MPReplayBuffer

class cpprb.MPReplayBuffer(size, env_dict=None, default_dtype=None, *, logger=None, **kwargs)

Bases: object

Multi-process support Replay Buffer class to store transitions and to sample them randomly.

This class works on multi-process without manual locking of entire buffer.

The transition can contain anything compatible with numpy data type. User can specify by env_dict parameters at constructor freely.

The possible standard transition contains observation (obs), action (act), reward (rew), the next observation (next_obs), and done (done).

>>> env_dict = {"obs": {"shape": (4,4)},
                "act": {"shape": 3, "dtype": np.int16},
                "rew": {},
                "next_obs": {"shape": (4,4)},
                "done": {}}

In this class, sampling is random sampling and the same transition can be chosen multiple times.

Notes

This class assumes single learner (sample) and multiple explorers (add) like Ape-X

Methods Summary

add(self, **kwargs)

Add transition(s) into replay buffer.

clear(self)

Clear replay buffer.

get_all_transitions(self, bool shuffle)

Get all transitions stored in replay buffer.

get_buffer_size(self)

Get buffer size

get_next_index(self)

Get the next index to store

get_stored_size(self)

Get stored size

is_Nstep(self)

Get whether use Nstep or not

on_episode_end(self)

Call on episode end

sample(self, batch_size)

Sample the stored transitions randomly with speciped size

Methods Documentation

add(self, **kwargs)

Add transition(s) into replay buffer.

Multple sets of transitions can be added simultaneously. This method can be called from multiple explorer processes without manual lock.

Parameters

**kwargs (array like or float or int) – Transitions to be stored.

Returns

The first index of stored position. If all transitions are stored into NstepBuffer and no transtions are stored into the main buffer, None is returned.

Return type

int or None

Raises

KeyError – If any values defined at constructor are missing.

Warning

All values must be passed by key-value style (keyword arguments). It is user responsibility that all the values have the same step-size.

clear(self)void

Clear replay buffer.

Set index and stored_size to 0.

Example

>>> rb = ReplayBuffer(5,{"done",{}})
>>> rb.add(1)
>>> rb.get_stored_size()
1
>>> rb.get_next_index()
1
>>> rb.clear()
>>> rb.get_stored_size()
0
>>> rb.get_next_index()
0
get_all_transitions(self, bool shuffle: bool = False)

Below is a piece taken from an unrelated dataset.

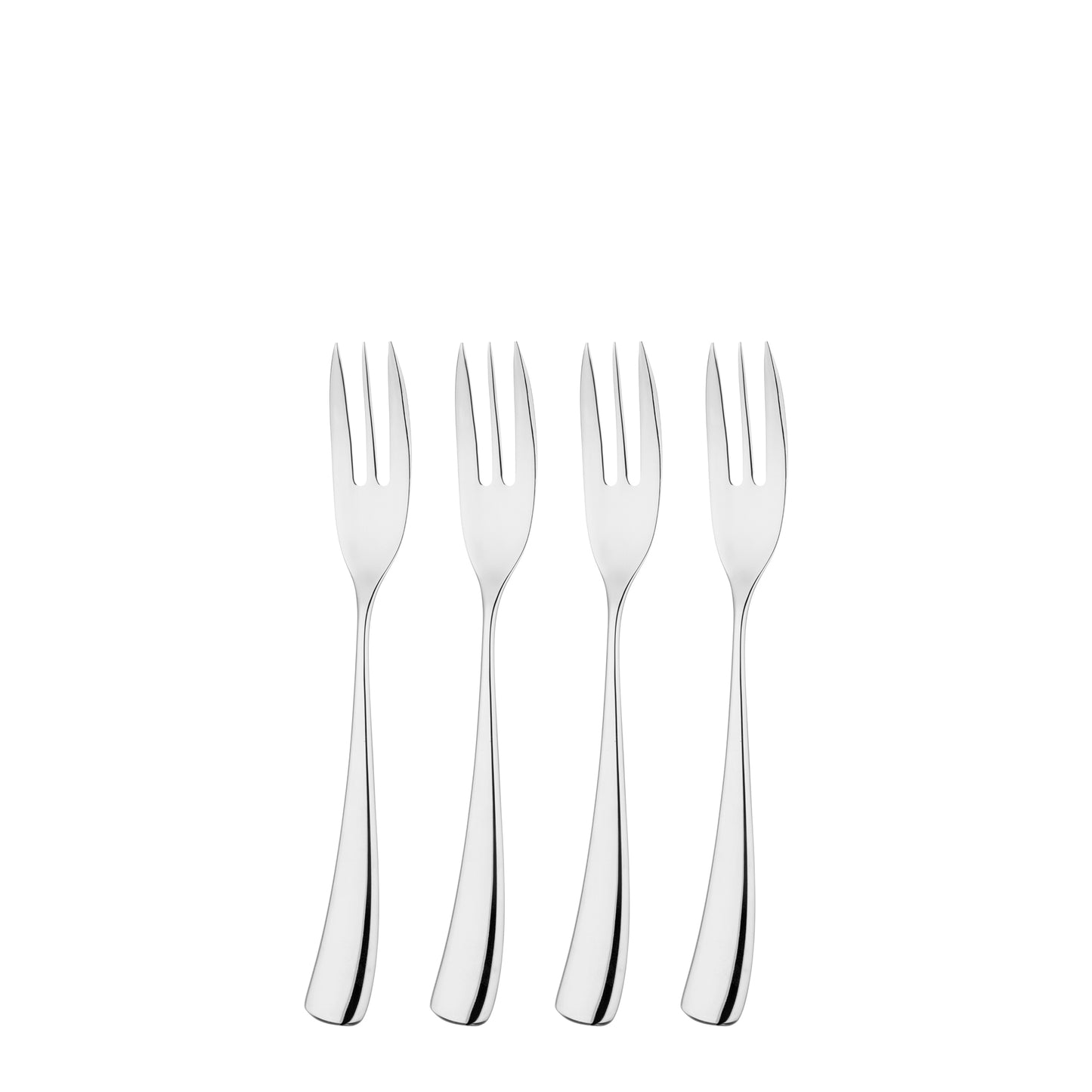 Studio William Larch Mirror 4 Piece Pastry Fork Set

Get all transitions stored in replay buffer.

Parameters

shuffle (bool, optional) – When True, transitions are shuffled. The default value is False.

Returns

transitions – All transitions stored in this replay buffer.

Return type

dict of numpy.ndarray

get_buffer_size(self)size_t

Get buffer size

Returns

buffer size

Return type

size_t

get_next_index(self)size_t

Get the next index to store

Returns

the next index to store

Return type

size_t

get_stored_size(self)size_t

Get stored size

Returns

stored size

Return type

size_t

is_Nstep(self)bool

Get whether use Nstep or not

Returns

use_nstep

Return type

bool

on_episode_end(self)void

Call on episode end

Finalize the current episode by moving remaining Nstep buffer transitions, evacuating overlapped data for memory compression features, and resetting episode length.

Notes

Calling this function at episode end is the user responsibility, since episode exploration can be terminated at certain length even though any done flags from environment is not set.

sample(self, batch_size)

Sample the stored transitions randomly with speciped size

This method can be called from a single learner process.

Parameters

batch_size (int) – sampled batch size

Returns

sample – Batch size of sampled transitions, which might contains the same transition multiple times.

Return type

dict of ndarray

__init__()

Initialize ReplayBuffer

Parameters
  • size (int) – buffer size

  • env_dict (dict of dict, optional) – dictionary specifying environments. The keies of env_dict become environment names. The values of env_dict, which are also dict, defines “shape” (default 1) and “dtypes” (fallback to default_dtype)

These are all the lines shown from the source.